Study spin-1/2 systems using Pauli matrices. Calculate expectation values of spin components. Understand spin as an intrinsic two-state system; appreciate that quantum spin has no classical analog.
Spin does not mean the electron is literally spinning (quantum spin is intrinsic, not due to rotation). The g-factor ≈ 2 is not exactly 2 due to quantum electrodynamic corrections. Spin-orbit coupling is not due to the spinning electron's magnetic moment interacting with the orbital motion magnetic field (it's a relativistic effect).
You've studied spin angular momentum as an abstract two-state quantum system. Now the physical stakes become clearer: spin isn't just a mathematical curiosity — it generates a real magnetic dipole moment that interacts measurably with external magnetic fields and with the electron's own orbital motion. The connection between spin and magnetism is what makes the electron a tiny magnet, and it drives much of the structure of atomic spectra.
The intrinsic magnetic moment of the electron is μ = −g_s (e/2m_e) S, where S is the spin angular momentum vector. The factor e/2m_e is the same that appears for orbital angular momentum (the gyromagnetic ratio), but the factor g_s ≈ 2 is not — it's the anomalous g-factor. For orbital angular momentum, the magnetic moment and angular momentum have g_L = 1; for spin, g_s ≈ 2.002. This factor of 2 was a complete mystery classically and was correctly predicted only by Dirac's relativistic quantum mechanics. The tiny departure from exactly 2 (the 0.002) is a quantum electrodynamic correction — one of the most precisely measured quantities in physics, tested to 12 significant figures.
In a magnetic field B, the interaction energy is U = −μ·B = g_s (e/2m_e) S·B. Since the z-component of spin is quantized as m_s = ±ℏ/2, the energy levels split into two: E = ±g_s (eℏ/2m_e) B/2 = ±μ_B g_s B/2, where μ_B = eℏ/2m_e is the Bohr magneton (≈ 9.27 × 10⁻²⁴ J/T). This splitting is the magnetic energy scale for electrons in atoms. The Stern-Gerlach experiment demonstrated exactly this splitting: silver atoms passed through an inhomogeneous magnetic field split into two beams, corresponding to m_s = +1/2 and m_s = −1/2.

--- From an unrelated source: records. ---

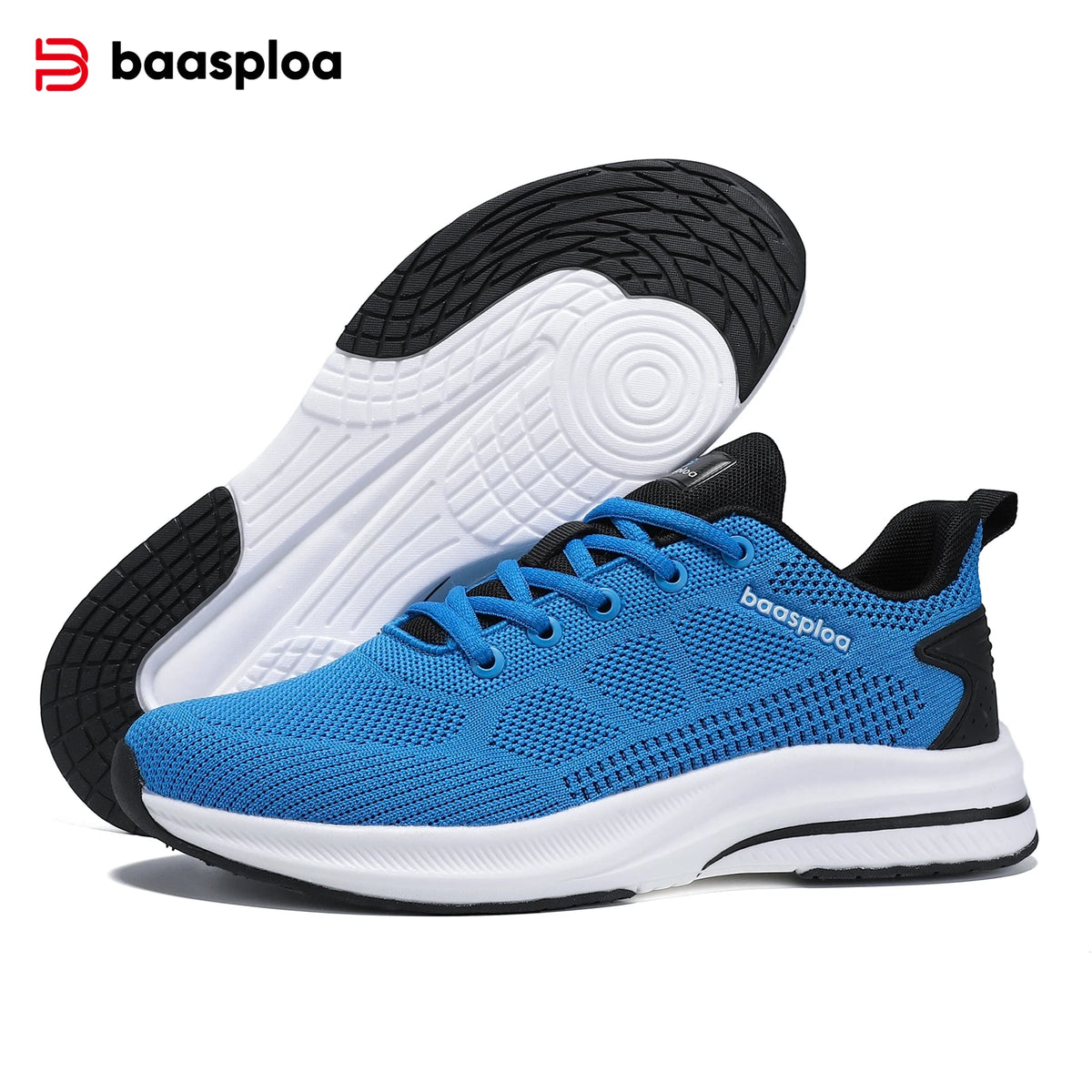 Ténis de corrida para homem Baasploa – Ténis casuais de malha, leves e de design, para corrida, respiráveis, com atacadores, para caminhada desportiva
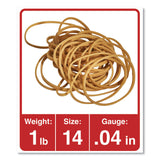 Universal® Rubber Bands, Size 14, 0.04" Gauge, Beige, 1 lb Box, 2,200/Pack (UNV00114) Each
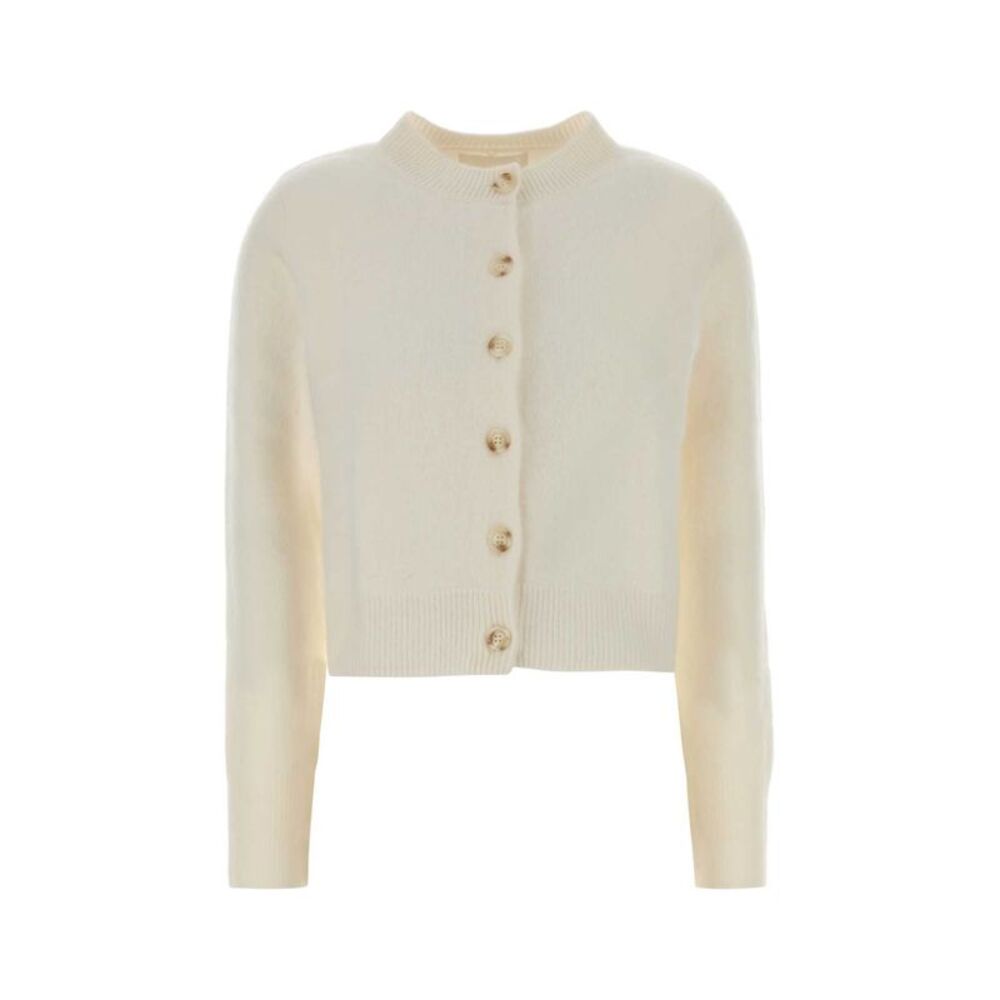 Lisa Yang Women Ivory Cashmere Azalea Cardigan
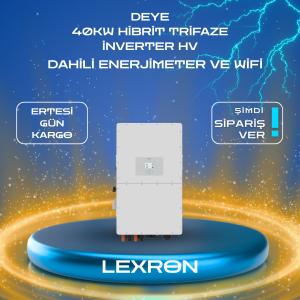 DEYE 40KW HİBRİT TRİFAZE İNVERTER HV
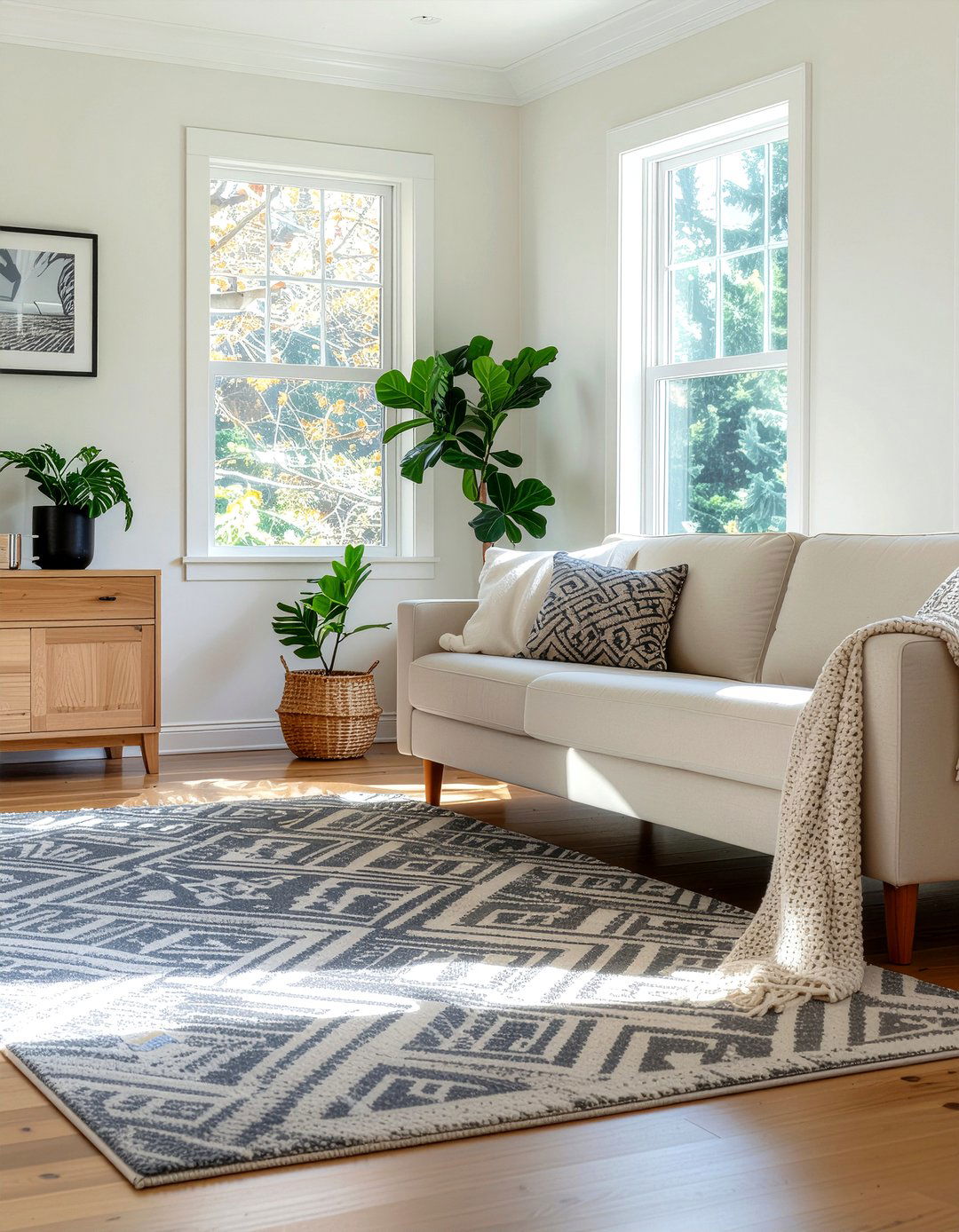 Washable Area Rug - 30 family home decor ideas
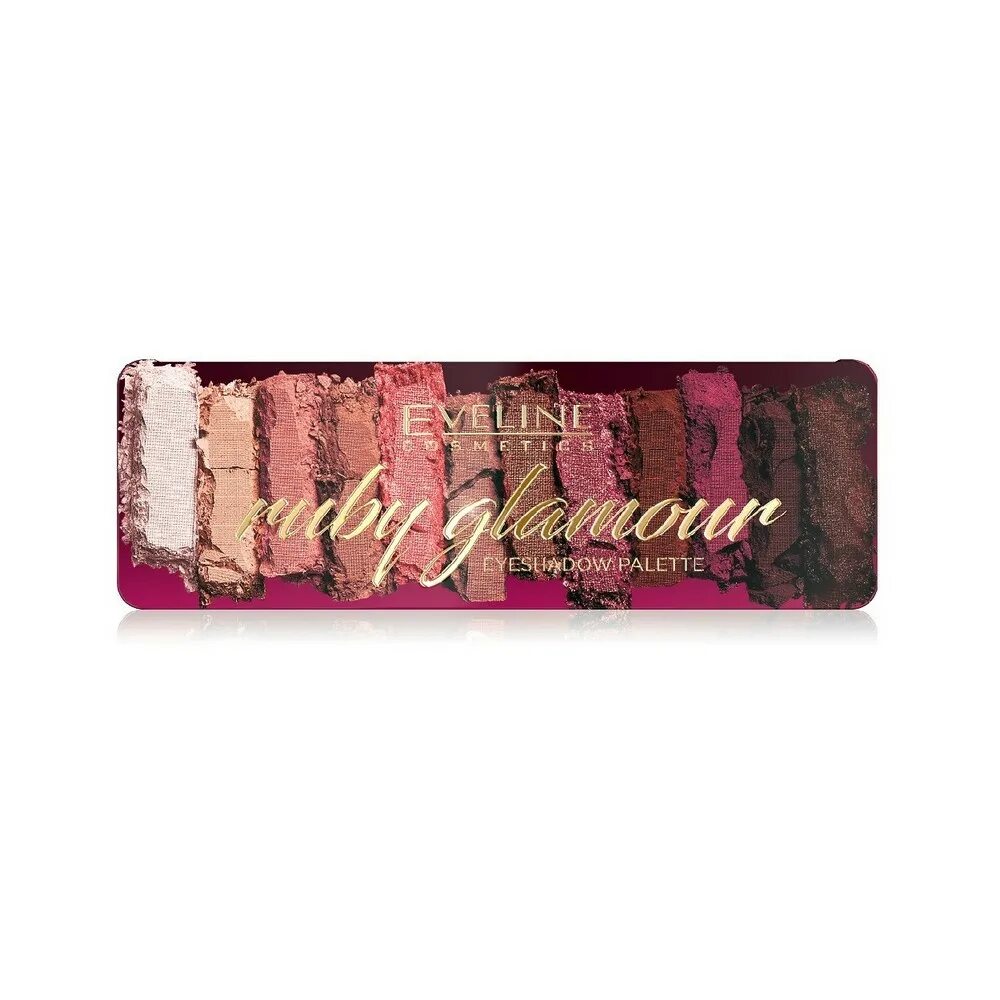 Eveline ruby glamour. Эвелин руби гламур. Тени эвелин руби гламур. Eveline ruby glamour свотчи. Eveline палетка теней ruby glamour.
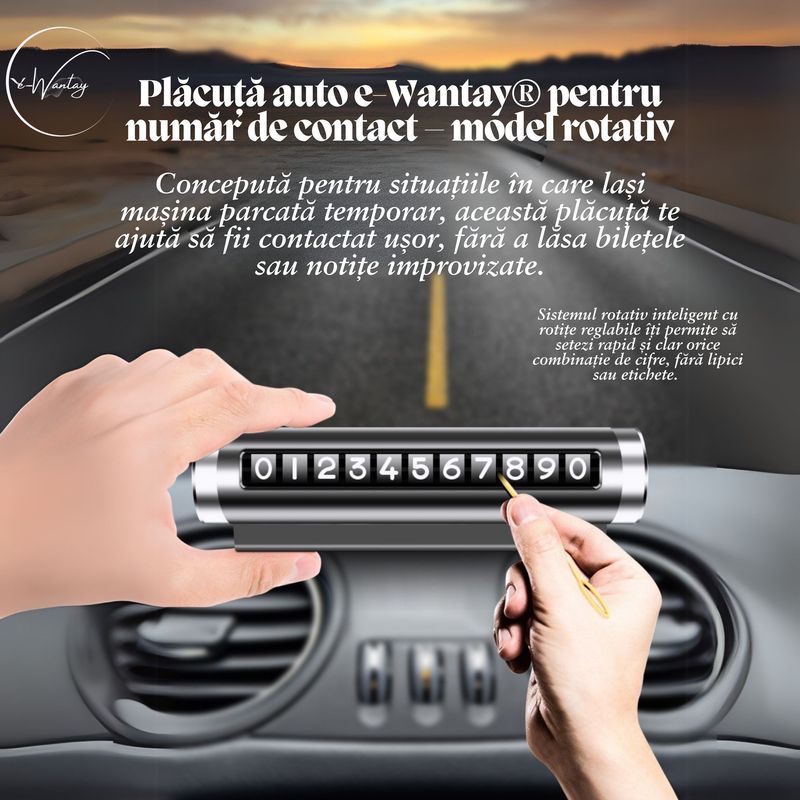 Laptop, Telefoane si Tablete - Telefoane mobile si accesorii - Accesorii Telefoane - Incarcatoare telefoane - Kit Smart Drive Essentials e-Wantay® 3 in 1 – Incarcator auto, Suport pentru telefon, Placuta auto cu numar de contact - Infinity.ro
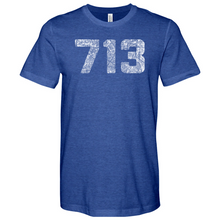 Load image into Gallery viewer, Houston 713 Heathered Tee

Why does spin have g_s ≈ 2 and not 1, like orbital angular momentum? The short answer is that spin is an intrinsic property of the relativistic electron — it emerges naturally from Dirac's relativistic wave equation as a consequence of special relativity combined with quantum mechanics. There is no classical model: attempts to picture the electron as a spinning charged sphere fail because the equatorial velocity would exceed c for any reasonable electron radius. Spin is genuinely quantum mechanical with no classical analog. This is why the language is "intrinsic angular momentum" — it's a property the electron carries independent of any spatial motion, as fundamental to what an electron is as its charge or mass.